US President Joe Biden, in a White House statement released on Saturday, clarified his stance on a potential veto from the executive desk if the US Congress failed to pass the infrastructure plan along with his families plan.

Biden announced a bipartisan agreement on America’s infrastructure plan on Thursday, Republican lawmakers including Senate minority leader Mitch McConnell were quick to point out that Biden was not “serious about getting a bipartisan outcome”.

Biden, in his address on Thursday, connected the signing of the bill with his multi-trillion dollar ‘Families plan’, which Democrat lawmakers were likely to lobby for without seeking support from the Republicans.

However, in his statement, he said, “My comments created the impression that I was issuing a veto threat on the very plan I had just agreed to, which was certainly not my intent” while clarifying his stance.

Soon after Biden’s address ended on Thursday, McConnell took to his Twitter account and wrote “Less than two hours after publicly endorsing our colleagues’ bipartisan agreement on infrastructure, the President took the extraordinary step of threatening to veto it.
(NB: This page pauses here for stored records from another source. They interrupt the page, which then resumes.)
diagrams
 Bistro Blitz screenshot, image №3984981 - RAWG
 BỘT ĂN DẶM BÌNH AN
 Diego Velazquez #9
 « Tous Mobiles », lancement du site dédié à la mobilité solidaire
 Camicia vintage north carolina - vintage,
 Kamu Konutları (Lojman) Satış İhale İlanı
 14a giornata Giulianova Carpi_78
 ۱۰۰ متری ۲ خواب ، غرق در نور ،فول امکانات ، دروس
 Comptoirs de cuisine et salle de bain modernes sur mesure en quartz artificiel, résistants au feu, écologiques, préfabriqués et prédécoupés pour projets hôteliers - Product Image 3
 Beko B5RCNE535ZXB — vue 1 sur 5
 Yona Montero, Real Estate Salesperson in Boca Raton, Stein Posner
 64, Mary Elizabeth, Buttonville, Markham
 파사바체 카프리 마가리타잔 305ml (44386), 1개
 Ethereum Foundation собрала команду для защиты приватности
That’s not the way to show you’re serious about getting a bipartisan outcome.”

11 GOP lawmakers who backed the President’s infrastructure plan reportedly experienced mounting pressure after his statements, according to Reuters.

“I have been clear from the start that it was my hope that the infrastructure plan could be one that Democrats and Republicans would work on together, while I would seek to pass my Families Plan and other provisions through the process known as reconciliation”, his statement read.

He added that a bipartisan effort for the infrastructure plan had always been his intention and there was “no doubt or ambiguity” about it.